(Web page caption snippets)
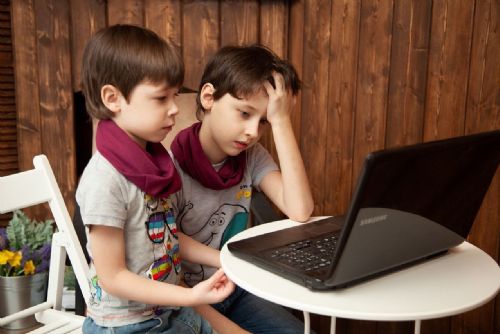 Děti znají dark web i nové drogy. Preventistka z Plzně popsala realitu dnešních škol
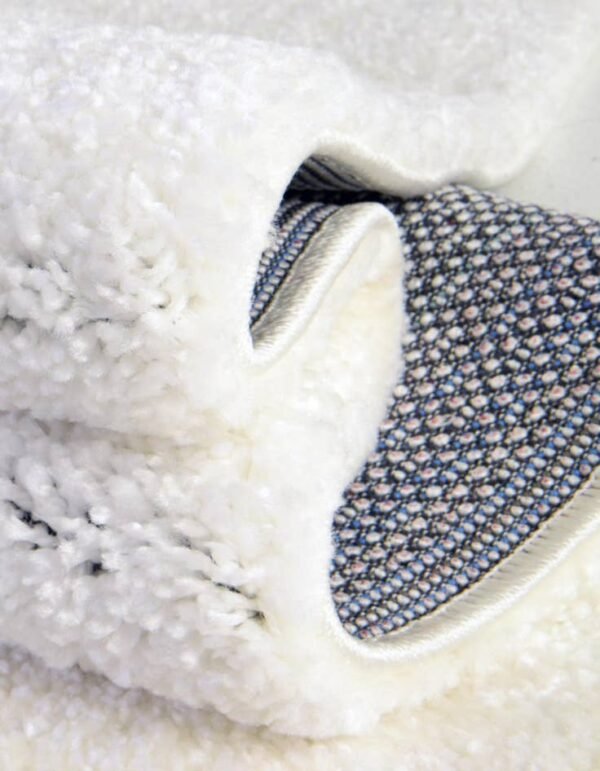 Detail image of  3' 3 x 3' 3 Solid Frieze Round Rug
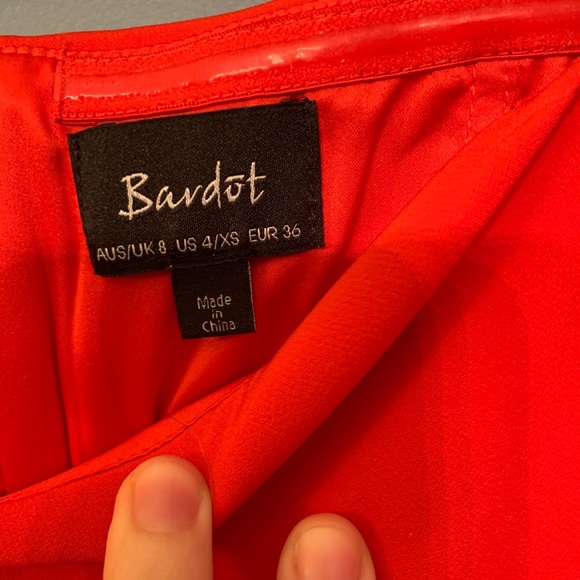 Gorgeous Bardot Dress - Picture 2 of 4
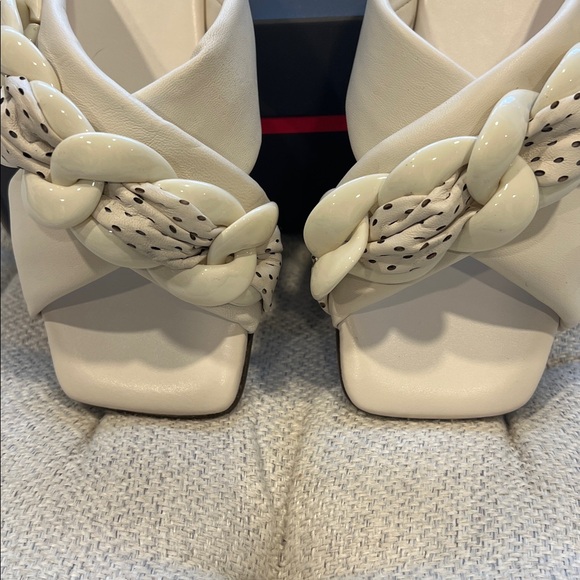 Vince Camuto Azori Slide Sandals - made of baby sheep leather - Picture 3 of 9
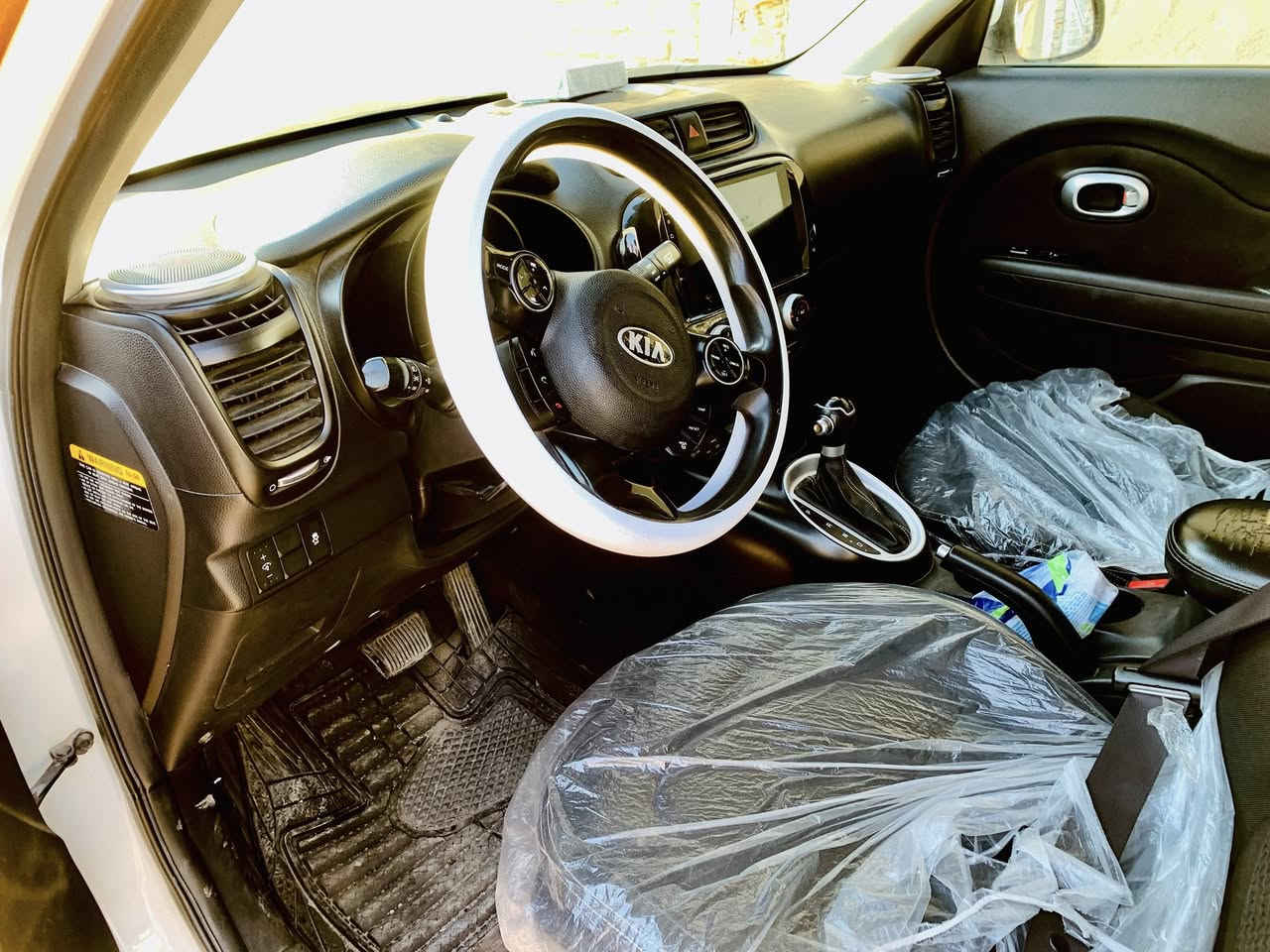 اسعد الله ايامكم
كيا صول 2016 

رقم واسط الجديد بأسمي 

محرك2000GDI عليه ادامه تجفيت كامله ناعمه

شاشه 

كامره 

ويل كب 

❣️سونار موضح كلشي بي وجديد وهذا رقم شاصي 

KNDJP3A50G7237228

شواصي لغود محرك راديترات  كلشي كفاله بالسياره 

السياره جاهزه ع اخر حبايه 

من حداديه من باتري من تاير من كل النواحي ما بيه كل نقص شرط 

السعر114 وبيه مجال بسيط كلشي ذكرت فقط المهتم يتصل ❤️

مكان السياره واسط  

للاتصال ***********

[What needs to be done]:
Set the records down again exactly as given, and leave the pictures out.

[Exercise response]:
 Děti znají dark web i nové drogy. Preventistka z Plzně popsala realitu dnešních škol
 Detail image of  3' 3 x 3' 3 Solid Frieze Round Rug
 Gorgeous Bardot Dress - Picture 2 of 4
 Vince Camuto Azori Slide Sandals - made of baby sheep leather - Picture 3 of 9
 اسعد الله ايامكم
كيا صول 2016 

رقم واسط الجديد بأسمي 

محرك2000GDI عليه ادامه تجفيت كامله ناعمه

شاشه 

كامره 

ويل كب 

❣️سونار موضح كلشي بي وجديد وهذا رقم شاصي 

KNDJP3A50G7237228

شواصي لغود محرك راديترات  كلشي كفاله بالسياره 

السياره جاهزه ع اخر حبايه 

من حداديه من باتري من تاير من كل النواحي ما بيه كل نقص شرط 

السعر114 وبيه مجال بسيط كلشي ذكرت فقط المهتم يتصل ❤️

مكان السياره واسط  

للاتصال ***********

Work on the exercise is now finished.